I am new to this forum and got myself registered on advice of friends who have benefited immensely in their immigration journey, through this platform. While they took inputs & guidance for immigration to Countries like Dubai and Australia, my experience for searching answers w.r.t Canada has not been too great, thus far. I feel either there are very few potential Canadian Immigrants or perhaps they do not like to talk about it so much, on such forums. 

May I take this opportunity to call upon everyone who is interested to get a Canadian PR/ in process of getting one/already sitting under maple trees, to please come forward and provide their valuable inputs on how to apply, what to expect and where to head in our Dreamland called Canada!!!


----------



## EVHB (Feb 11, 2008)

Take a look at this expatforum.... it's full of people who would like to immigrate. Their experience can be useless for you, as each has their own category they will fit in for immigration (family visa, temporary work visa, permanent resident, student, refugee,...).
Take a couple of hours to read the info you can find here, and have a look at Citizenship and Immigration Canada to find out how to apply.
What to expect? For most people, the fact that they don't qualify for immigration. :-(


----------



## jtoc (Aug 17, 2016)

EVHB said:


> Take a look at this expatforum.... it's full of people who would like to immigrate. Their experience can be useless for you, as each has their own category they will fit in for immigration (family visa, temporary work visa, permanent resident, student, refugee,...).
> Take a couple of hours to read the info you can find here, and have a look at Citizenship and Immigration Canada to find out how to apply.
> What to expect? For most people, the fact that they don't qualify for immigration. :-(


Thanks EVHM for your revert. Of course I've done my bit of research and have practically mugged up the CIC site. what I was actually looking for was some soft info on how the immigration process has been been in terms of experience and road blocks, if any. Yes I agree most of them do not qualify, but I guess its better not to qualify and therefore not land there at all than reach on foreign shores and lose your savings, waste your time and thereby get more frustrated!


----------



## EVHB (Feb 11, 2008)

With no details from your part, there's not a lot we can say. Or we can say a lot but it will not be applicable to you... Yes, there are immigrants who arrive here, never are able to move out of the basement they are renting and only get precarious minimum wage jobs. There are also immigrants who arrive here, within 6 months land a 6 figure job and are very prosperous. Most of the immigrants are somewhere in between. ;-)

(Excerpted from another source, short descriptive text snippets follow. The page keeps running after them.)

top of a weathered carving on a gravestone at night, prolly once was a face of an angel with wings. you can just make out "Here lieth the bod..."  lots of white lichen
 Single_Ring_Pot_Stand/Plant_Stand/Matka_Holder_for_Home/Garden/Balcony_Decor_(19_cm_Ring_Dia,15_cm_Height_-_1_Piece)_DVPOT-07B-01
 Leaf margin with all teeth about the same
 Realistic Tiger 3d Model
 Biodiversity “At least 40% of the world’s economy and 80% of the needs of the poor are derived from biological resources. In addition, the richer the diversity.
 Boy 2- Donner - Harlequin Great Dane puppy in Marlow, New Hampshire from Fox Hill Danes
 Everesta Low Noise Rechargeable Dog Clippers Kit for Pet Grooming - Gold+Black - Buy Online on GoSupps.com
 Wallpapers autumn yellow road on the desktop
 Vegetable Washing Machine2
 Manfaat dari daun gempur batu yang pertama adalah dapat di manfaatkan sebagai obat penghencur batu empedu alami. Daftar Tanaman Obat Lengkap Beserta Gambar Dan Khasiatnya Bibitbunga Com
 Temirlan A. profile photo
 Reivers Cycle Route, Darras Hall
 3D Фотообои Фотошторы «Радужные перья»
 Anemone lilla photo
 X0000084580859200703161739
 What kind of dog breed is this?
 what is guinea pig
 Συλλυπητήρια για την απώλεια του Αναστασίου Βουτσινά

So you already have had your IELTS and Educational Credential Assessment?
What is your current CRS score? 
What is your profession?
How big is your personal Canadian network? And your professional one?
Where do you intend to live?
Are you planning on bringing a family, or is it just you?


----------



## jtoc (Aug 17, 2016)

EVHB said:


> With no details from your part, there's not a lot we can say. Or we can say a lot but it will not be applicable to you... Yes, there are immigrants who arrive here, never are able to move out of the basement they are renting and only get precarious minimum wage jobs. There are also immigrants who arrive here, within 6 months land a 6 figure job and are very prosperous. Most of the immigrants are somewhere in between. ;-)
> 
> So you already have had your IELTS and Educational Credential Assessment?
> What is your current CRS score?
> ...


Hi, Thanks again for your valuable response. I do stand guilty of not providing enough information on my PR application status, have attempted to mend it as following:

Im in an Indian PSU (Public Sector Undertaking - read Government) in marketing function of Petrochemicals & Natural Gas Department. 
Have a few ex-colleagues and friends in Toronto, also Wife's maternal Uncle's family in Canada. That reminds me that I am married and have a 2 year old Kid  .Yes I intend to bring them all with me. Education assessment is on way and IELTS Ill take on 10th Sept (keeping my fingers crossed).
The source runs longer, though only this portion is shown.